A ministerial meeting on national security was held on Monday morning at the Elysee Palace in Paris to "review preventive and protective measures" according to the President's office.

On leaving the meeting, Defense Minister Jean-Yves Le Drian said 10,000 troops would be deployed starting Tuesday throughout France to protect what he called "sensitive" sites "because of the scale of threats which exist." The operation was part of the ongoing Vigipirate security plan which was continuing at the highest alert level he added.

Jewish schools protected

Interior minister Bernard Cazeneuve visited a Jewish school south of Paris on Monday morning and said that 4,700 security officers would be mobilised to protect the country's 717 Jewish schools. He added that soldiers would be posted as reinforcements.

The announcement came a day after an estimated 3.7 million people across France joined rallies to oppose the violent killings in Paris last week. The rally in Paris was the largest ever seen in the city.

Cazeneuve addressed the parents of the Yaguel Yaacov school in Montrouge in the south of Paris, near where a gunman shot dead a policewoman on Thursday.
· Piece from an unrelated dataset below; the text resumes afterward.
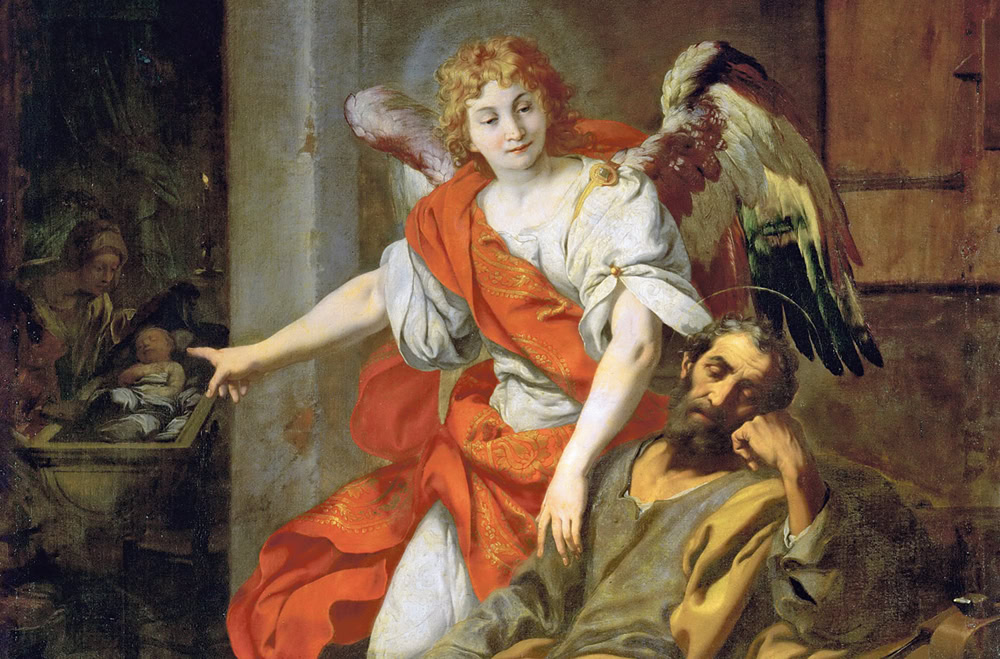 LE RÊVE DE JOSEPH, DE DANIELE CRESPI, VERS 1620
She was one of 17 people killed in last week's killings, including staff and journalists at the offices of the Charlie Hebdo satirical magazine. Four people were killed at a kosher supermarket in Paris on Friday.

PM Valls

Prime Minister Manuel Valls said on Monday that the gunman, Amedy Coulibaly, who killed a policewoman in southern Paris then four Jewish shoppers in a hostage drama on Friday, probably received help from someone else. Valls said on French television that "the hunt will go on," saying it was urgent because "the threat is still present."

Valls told BFM television that France was at war against "terrorism, against jihadism, against radical Islam."

An alleged accomplice of Coulibaly, Hayat Boumeddiene, was reported to have arrived in Istanbul, from Madrid on January 2 and then crossed into Syria from Turkey last Thursday, according to Turkey's foreign minister Mevlut Cavusoglu.